Thursday, October 09, 2003

Israeli Politics
October 2003

Mark Biano

Dear friends and colleagues,

The last weekend was a long one for me. CNN brought the news about the suicide bombing at Maxim immediately after it happened on Saturday 4 October 2003, but without names of casualties. I logged to Haaretz newspaper website first thing Tuesday morning and was shocked to see that Mark Biano, age 29, and his wife were the first names on the list of casualties. I was literally shivering.

Mark was one of the best research students I've ever had in eighteen years of teaching. He submitted a seminar paper that, in my opinion, could have been developed into a very good MA thesis. His final grade was the highest in the class. As a matter of fact, his seminar paper was so good that I proposed to invest some more work in it and to submit the paper for scholarly publication. May I note that I rarely suggested this to an undergraduate student. Mark’s case was one of those exceptional occasions that a teacher feels he or she was truly enlightened by the impressive academic scholarship of a seminar student.

The article is still under consideration. I encouraged Mark to pursue MA in our department of communication and was happy when he decided to rejoin our department as a graduate student. I will miss him.

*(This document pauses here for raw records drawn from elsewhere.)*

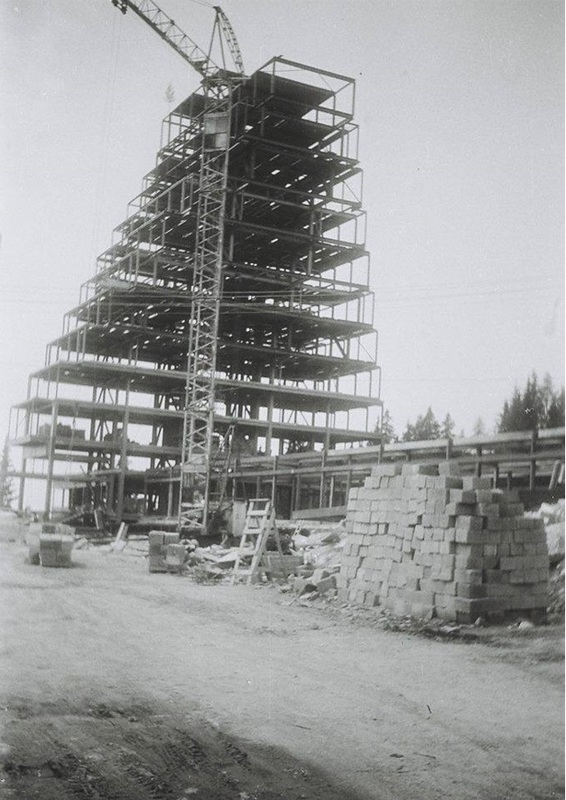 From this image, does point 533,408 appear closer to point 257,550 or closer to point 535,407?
point 535,407

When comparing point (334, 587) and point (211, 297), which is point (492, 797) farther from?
point (211, 297)

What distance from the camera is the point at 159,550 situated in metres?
18.6

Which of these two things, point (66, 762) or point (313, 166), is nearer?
point (66, 762)

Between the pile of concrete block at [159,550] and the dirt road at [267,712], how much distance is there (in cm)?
742

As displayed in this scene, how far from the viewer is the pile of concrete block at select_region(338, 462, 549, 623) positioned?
10641 mm

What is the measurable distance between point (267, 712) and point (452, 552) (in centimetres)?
500

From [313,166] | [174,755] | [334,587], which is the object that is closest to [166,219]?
[313,166]

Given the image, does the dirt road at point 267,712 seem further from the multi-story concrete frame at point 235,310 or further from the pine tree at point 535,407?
the multi-story concrete frame at point 235,310

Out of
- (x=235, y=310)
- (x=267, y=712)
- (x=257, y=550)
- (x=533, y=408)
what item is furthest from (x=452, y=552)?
(x=235, y=310)

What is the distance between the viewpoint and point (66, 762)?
222 inches

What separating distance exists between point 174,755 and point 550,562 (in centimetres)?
813

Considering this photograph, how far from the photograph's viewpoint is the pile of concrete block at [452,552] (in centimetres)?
1064

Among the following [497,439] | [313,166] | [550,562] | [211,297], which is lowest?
[550,562]

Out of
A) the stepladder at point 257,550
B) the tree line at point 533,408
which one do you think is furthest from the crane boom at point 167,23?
the stepladder at point 257,550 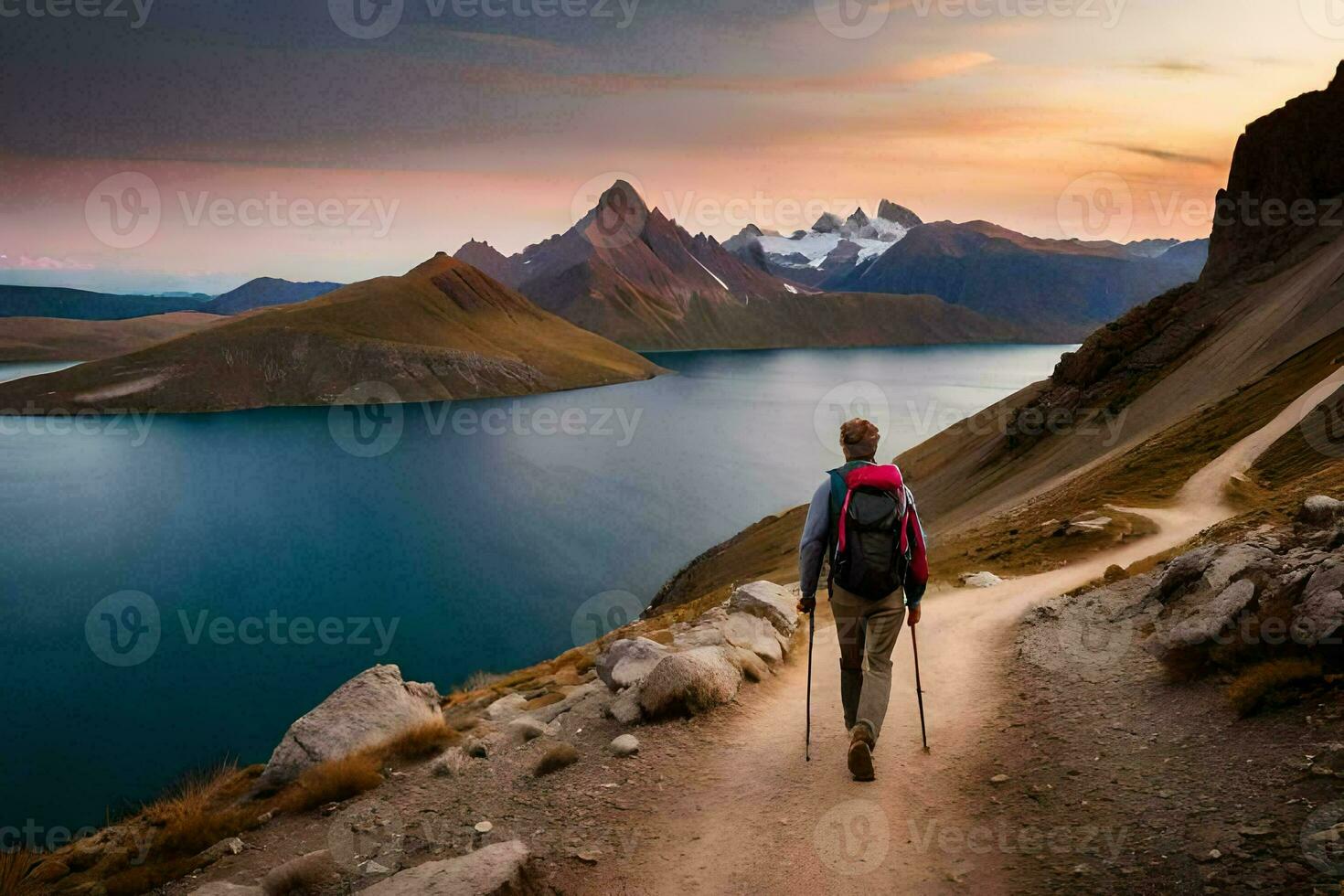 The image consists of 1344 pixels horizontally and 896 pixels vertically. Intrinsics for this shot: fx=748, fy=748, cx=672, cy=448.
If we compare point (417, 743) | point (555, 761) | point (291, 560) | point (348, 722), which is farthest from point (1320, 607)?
point (291, 560)

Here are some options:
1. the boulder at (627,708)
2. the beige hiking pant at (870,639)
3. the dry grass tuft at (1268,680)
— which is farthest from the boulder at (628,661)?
the dry grass tuft at (1268,680)

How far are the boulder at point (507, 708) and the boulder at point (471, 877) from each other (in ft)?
17.0

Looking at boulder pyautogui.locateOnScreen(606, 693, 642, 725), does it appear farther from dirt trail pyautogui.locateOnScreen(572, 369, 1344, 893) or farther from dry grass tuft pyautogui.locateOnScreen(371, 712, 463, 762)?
dry grass tuft pyautogui.locateOnScreen(371, 712, 463, 762)

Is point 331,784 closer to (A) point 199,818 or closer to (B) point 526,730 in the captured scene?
(A) point 199,818

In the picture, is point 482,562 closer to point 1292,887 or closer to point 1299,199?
point 1292,887

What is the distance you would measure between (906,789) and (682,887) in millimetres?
2427

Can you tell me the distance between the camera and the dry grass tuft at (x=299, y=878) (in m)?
6.91

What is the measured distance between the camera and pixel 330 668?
1308 inches

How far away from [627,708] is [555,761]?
1519mm

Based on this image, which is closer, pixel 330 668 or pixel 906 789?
pixel 906 789

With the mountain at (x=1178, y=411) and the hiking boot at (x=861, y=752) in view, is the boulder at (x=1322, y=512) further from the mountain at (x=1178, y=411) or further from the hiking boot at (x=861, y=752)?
the hiking boot at (x=861, y=752)

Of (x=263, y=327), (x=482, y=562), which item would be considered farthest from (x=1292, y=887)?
(x=263, y=327)

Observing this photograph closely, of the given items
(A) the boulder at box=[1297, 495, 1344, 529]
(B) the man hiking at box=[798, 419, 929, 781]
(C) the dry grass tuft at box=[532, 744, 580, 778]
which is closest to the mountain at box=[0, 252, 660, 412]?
(C) the dry grass tuft at box=[532, 744, 580, 778]

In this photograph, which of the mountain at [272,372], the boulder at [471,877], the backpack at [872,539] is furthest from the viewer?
the mountain at [272,372] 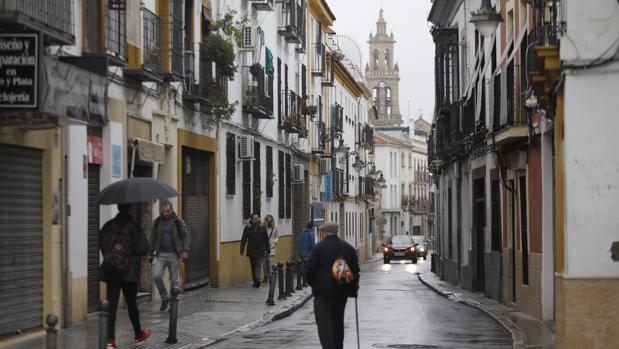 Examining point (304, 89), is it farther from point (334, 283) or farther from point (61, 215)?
point (334, 283)

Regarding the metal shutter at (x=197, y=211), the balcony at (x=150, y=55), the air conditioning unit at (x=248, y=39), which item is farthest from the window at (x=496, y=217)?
the balcony at (x=150, y=55)

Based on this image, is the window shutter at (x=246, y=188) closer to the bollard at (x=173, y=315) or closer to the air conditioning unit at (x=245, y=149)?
the air conditioning unit at (x=245, y=149)

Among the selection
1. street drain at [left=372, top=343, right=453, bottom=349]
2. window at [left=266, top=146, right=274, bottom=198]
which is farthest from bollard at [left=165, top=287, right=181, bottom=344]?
window at [left=266, top=146, right=274, bottom=198]

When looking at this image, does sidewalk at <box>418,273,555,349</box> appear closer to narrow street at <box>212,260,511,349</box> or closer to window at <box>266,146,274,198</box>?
narrow street at <box>212,260,511,349</box>

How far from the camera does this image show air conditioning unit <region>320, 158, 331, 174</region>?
5229 centimetres

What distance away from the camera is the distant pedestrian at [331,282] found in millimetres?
13531

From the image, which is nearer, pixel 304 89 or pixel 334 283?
pixel 334 283

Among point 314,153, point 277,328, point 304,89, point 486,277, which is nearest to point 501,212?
point 486,277

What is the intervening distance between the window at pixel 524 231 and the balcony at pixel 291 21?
53.1 ft

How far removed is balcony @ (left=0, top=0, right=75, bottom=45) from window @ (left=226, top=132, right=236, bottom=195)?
13709 mm

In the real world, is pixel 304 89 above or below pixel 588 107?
above

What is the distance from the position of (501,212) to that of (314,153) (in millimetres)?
24544

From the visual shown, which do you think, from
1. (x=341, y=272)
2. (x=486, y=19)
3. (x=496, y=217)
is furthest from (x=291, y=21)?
(x=341, y=272)

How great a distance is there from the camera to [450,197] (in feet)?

Mark was a highly motivated, serious person, with a somewhat shy smile on his face. He was a person that always thought at least two steps ahead. In everything that he did, he tried to do it in the best possible way. He was a dedicated student, a dedicated journalist, and I am sure a dedicated family man. When he spoke about his wife, his smile always became larger, and he seemed taller than he was. He was a delightful man to have around.

I called upon the University of Haifa authorities to seek a way to honour his name. One way that comes to mind is to call an excellence research scholarship upon his name. I hope the university will give this a serious consideration. If my Center for Democratic Studies will succeed in raising the necessary money for its operations, I pledge to establish a scholarship fund in Mark's memory.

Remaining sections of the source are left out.